Earth observation data is central in the applications described in this book. The freely available Sentinel satellite images offered by the European Space Agency ESA through the Copernicus Programme are used by most pilots in DataBio with good success. However, it was noted that cloudy conditions in satellite images can disturb the image analysis used for decision support, like determining the harvesting time for a crop. Therefore, it is important to have secondary sources of information as well as strong models and filtering algorithms to compensate for the disturbances.

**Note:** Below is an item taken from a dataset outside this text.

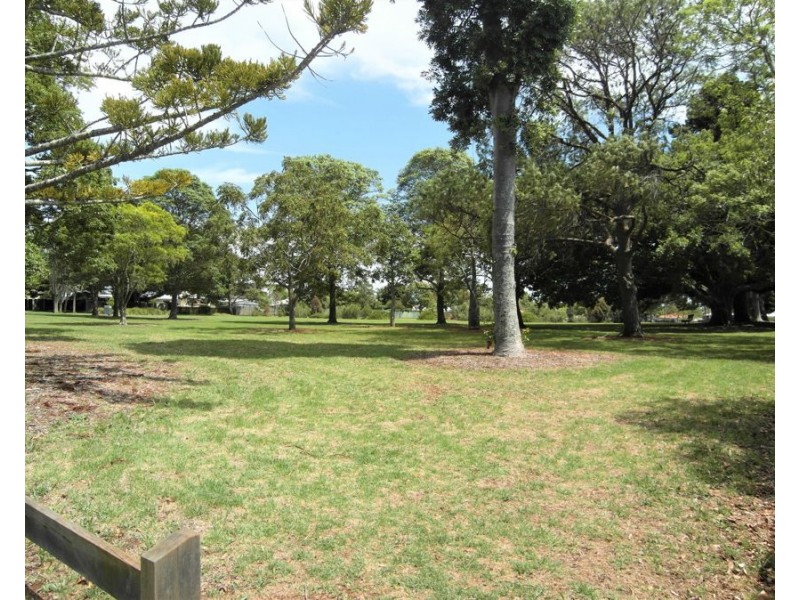 1/14 Lloyd Street, Harristown QLD 4350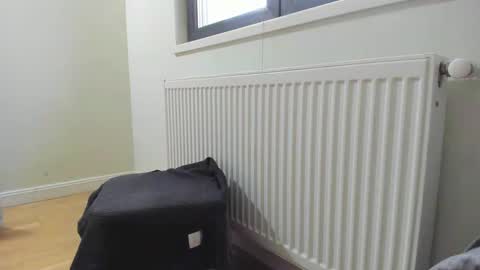 Anne-Marie  online show from 28, 2, 2025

Machine learning and data-driven artificial intelligence models are largely used for prediction and image recognition, as described earlier in this book. Advances in algorithms, like artificial neural networks and deep learning, have radically raised the accuracy of these methods. However, these data-driven methods require that extensive volumes of labelled training data are available. For example, data from several years might be needed in reliable crop detection. Some labelled data, like farmer´s declarations and manual field observations, are costly and time consuming to obtain. As more labelled data gathers—for example, from data sharing practices, modelling and simulations—the methods used in precision agriculture and prediction of yield and fishing catches become increasingly accurate enabling better economy and sustainability. Furthermore, current artificial neural networks need in some applications to be complemented with more transparent understandable methods to create trust in the machine created recommendations. Long-range forecasts like prediction of grain and fish market prices remain challenging. However, the forecasts are continuously improving and might be useful to stakeholders even if they contain uncertainties.

One of the main hurdles in data-driven bioeconomy is the lack of standardized data exchange and sharing. For instance, sensors on-board fishing vessels typically demand proprietary interfaces to be built to get access to its readings. Therefore, currently, a lot of resources are needed to collect data from a large fleet of vessels. The European initiatives to create common data spaces and data infrastructures for vertical sectors, like agrifood, are highly needed. It is important to develop them also for other bioeconomy sectors like forestry and fishery.

Crowdsourcing, involving land and forest owners, as well as citizens in general, provides valuable complementing information about natural resources. However, we found that it requires a great deal of motivating actions to get, e.g. forest owners and others visiting and moving around in the forests, to participate.

Big data and artificial intelligence have to be applied to a much larger extent than currently for a more sustainable bioeconomy. The DataBio results can here offer a stepping stone for future developments, where the DataBio pipelines and solutions are scaled up to serve diverse business models and societal needs.